That mini-series (and also podcast) on Radio 4 gives pause for thought. Tuesday's Newscast had an interview with "Climate Change Correspondent" (who  knew there was one?) Justin Rowlatt (who wrote, researched and presents that podcast) talking about, among other things, the future of coastal communities. And he quoted a US climatologist called Ben Strauss, CEO of Climaestionte Central, (a US research organization) characterizing our legacy to future generations as "a necklace of ruins around the coasts of the world". And to finish the interview Adam Fleming invited him (by way of an 'And finally...') to name a song or songs that would sum up the situation. The one that sprang immediately to my mind was Brenda Lee's I'm sorry....

Another podcast that I've been following is The Climate Question (originally a series on the World Service, The latest had the dispiriting (not to say ominous and threatening) title Is destroying the planet a vote winner?

But what is more important for my state of mind is the need for biomass reduction in the garden (specifically, mowing the lawn).

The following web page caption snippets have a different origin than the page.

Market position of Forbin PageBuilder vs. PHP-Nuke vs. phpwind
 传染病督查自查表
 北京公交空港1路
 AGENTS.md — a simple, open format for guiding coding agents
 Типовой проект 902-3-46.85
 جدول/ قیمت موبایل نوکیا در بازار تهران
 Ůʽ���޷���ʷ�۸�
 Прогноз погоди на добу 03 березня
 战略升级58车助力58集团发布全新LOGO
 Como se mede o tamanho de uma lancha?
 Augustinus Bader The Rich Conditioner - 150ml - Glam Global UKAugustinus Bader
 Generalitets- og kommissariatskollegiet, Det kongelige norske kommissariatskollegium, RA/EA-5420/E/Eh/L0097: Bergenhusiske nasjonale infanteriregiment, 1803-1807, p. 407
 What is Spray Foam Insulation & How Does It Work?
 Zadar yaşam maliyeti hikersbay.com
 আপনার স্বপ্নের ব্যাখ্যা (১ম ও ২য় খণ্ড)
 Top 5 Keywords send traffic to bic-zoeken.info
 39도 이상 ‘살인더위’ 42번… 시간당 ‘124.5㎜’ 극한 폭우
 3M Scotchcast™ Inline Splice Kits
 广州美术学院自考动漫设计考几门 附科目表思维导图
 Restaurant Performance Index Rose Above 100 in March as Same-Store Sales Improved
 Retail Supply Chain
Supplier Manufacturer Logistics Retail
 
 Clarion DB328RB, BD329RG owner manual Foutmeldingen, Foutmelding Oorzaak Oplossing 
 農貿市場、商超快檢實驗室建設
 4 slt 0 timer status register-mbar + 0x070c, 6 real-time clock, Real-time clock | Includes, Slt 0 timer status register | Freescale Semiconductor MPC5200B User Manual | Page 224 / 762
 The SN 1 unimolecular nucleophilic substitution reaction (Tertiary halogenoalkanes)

PS the "Ten Green Bottles Principle" revisited:

On Breakfast this morning they played a Gaelic setting of Psalm 46, "God is our refuge and our strength", which sounded pretty unusual to my Western European sassenach ears. But the tune (if that's the word) was strangely reminiscent of the usual tune given to Amazing Grace, supplied by the American composer William Walker. I wonder whether there was any conscious borrowing, or if this is just another instance of the "Ten Green Bottles Principle", explained here:
...words spoken by an MD of my youthful acquaintance: 'There has only been one tune written in the history of the world - "Ten Green Bottles".' (This may not be original, but I had never heard it before).